**EXERCISE DETAILS:**
Take from the entries below the stretch from the line with "un grup de oameni care înoată în apă" through the line with "金山の高級キャバクラ『amour（アムール）』（画像1）", and return it exactly, leaving the pictures out.

**INPUT DATA:**

########

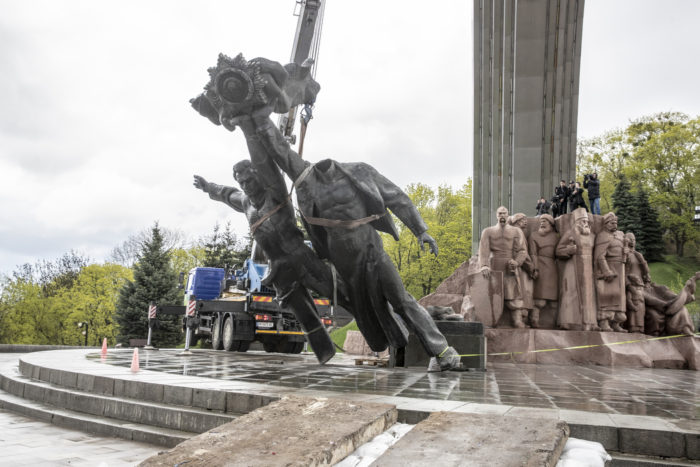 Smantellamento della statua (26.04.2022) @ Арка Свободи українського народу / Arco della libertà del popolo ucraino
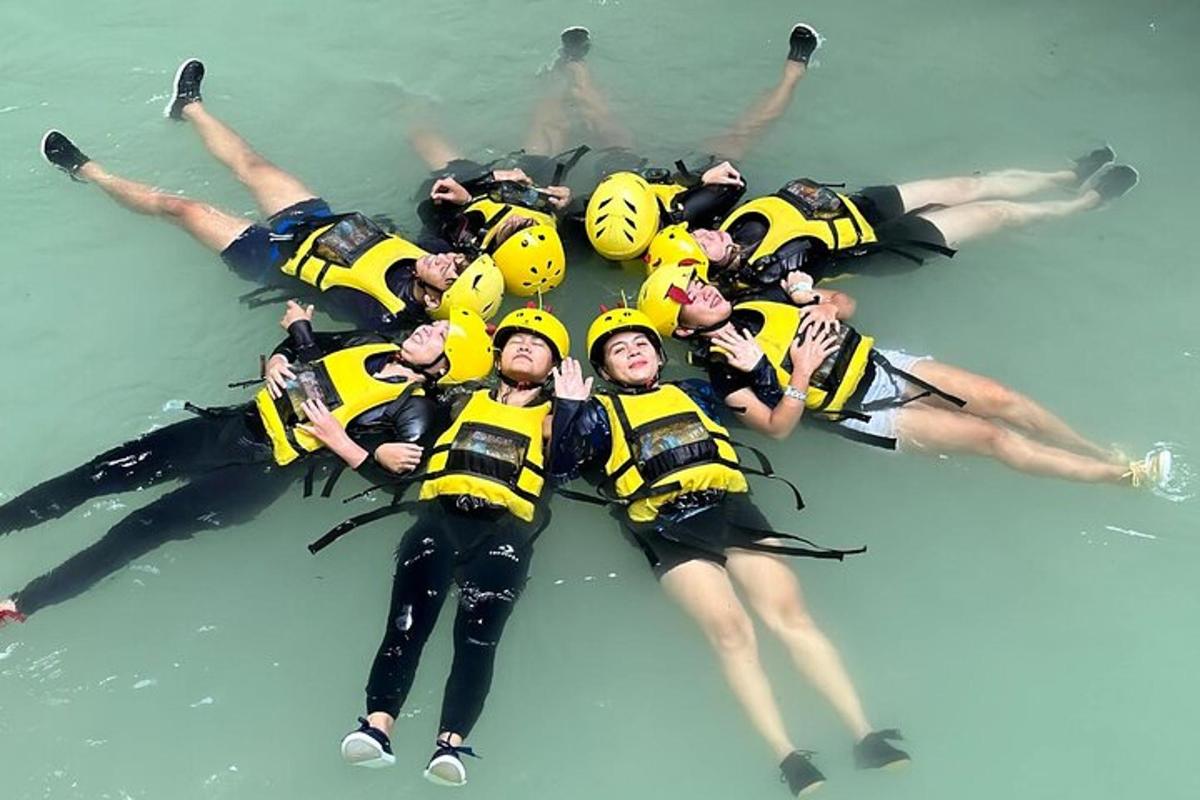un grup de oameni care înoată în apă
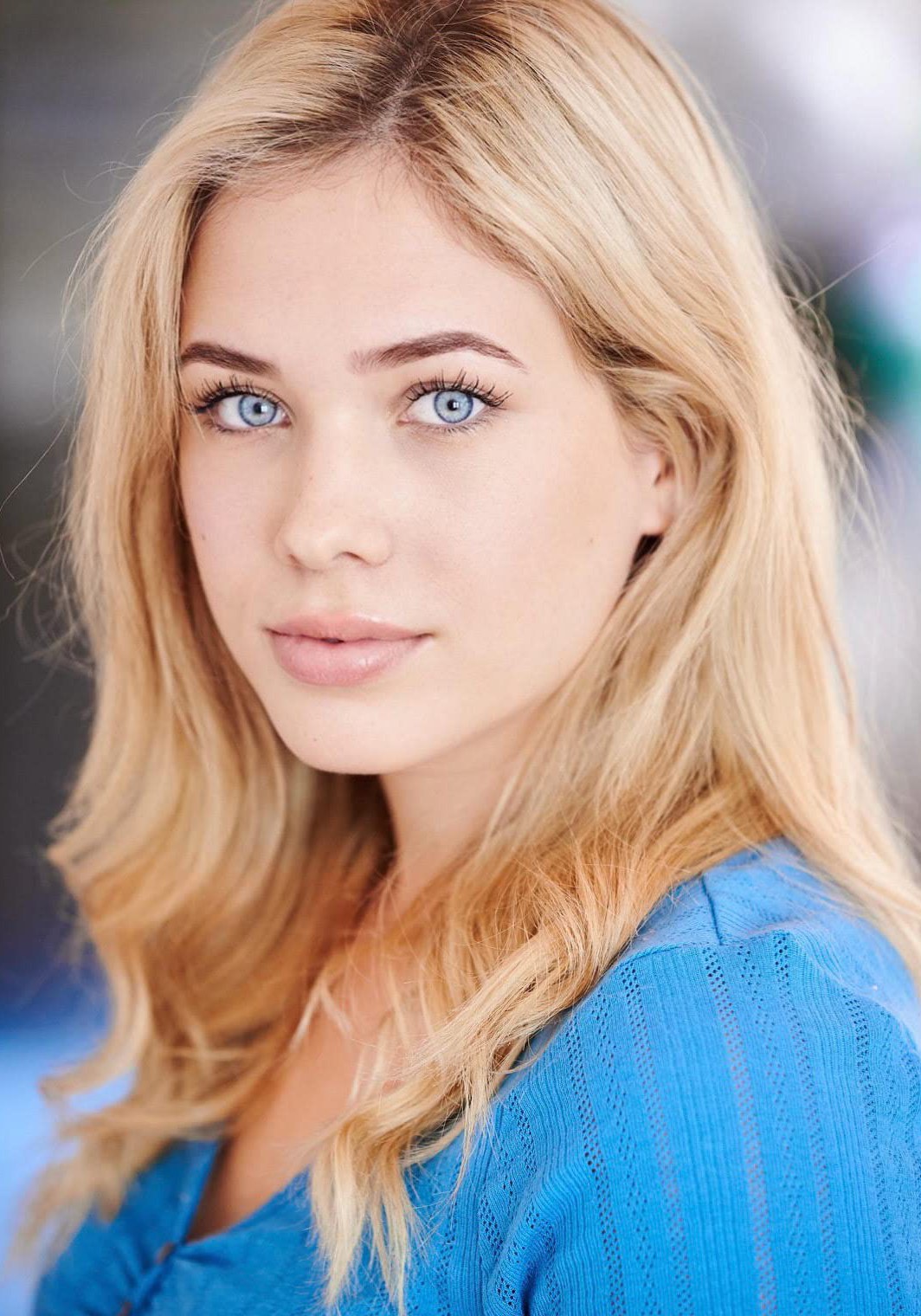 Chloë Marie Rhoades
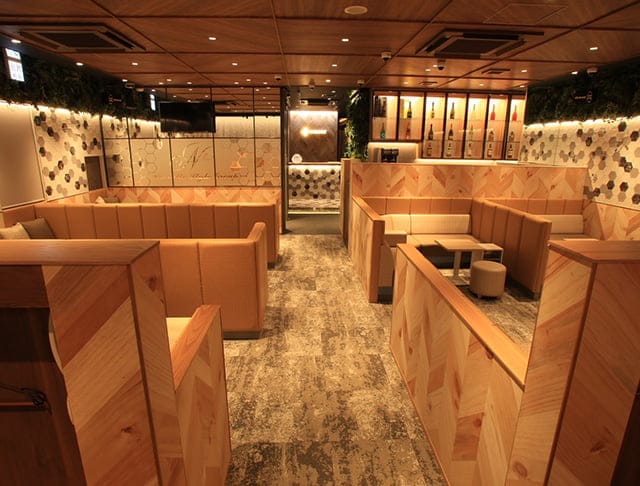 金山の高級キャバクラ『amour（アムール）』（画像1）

########

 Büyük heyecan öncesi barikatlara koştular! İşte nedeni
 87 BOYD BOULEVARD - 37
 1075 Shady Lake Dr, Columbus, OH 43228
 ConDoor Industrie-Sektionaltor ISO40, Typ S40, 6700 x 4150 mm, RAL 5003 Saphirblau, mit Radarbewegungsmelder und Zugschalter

########

**ANSWER FOR THIS EXERCISE:**
un grup de oameni care înoată în apă
 Chloë Marie Rhoades
 金山の高級キャバクラ『amour（アムール）』（画像1）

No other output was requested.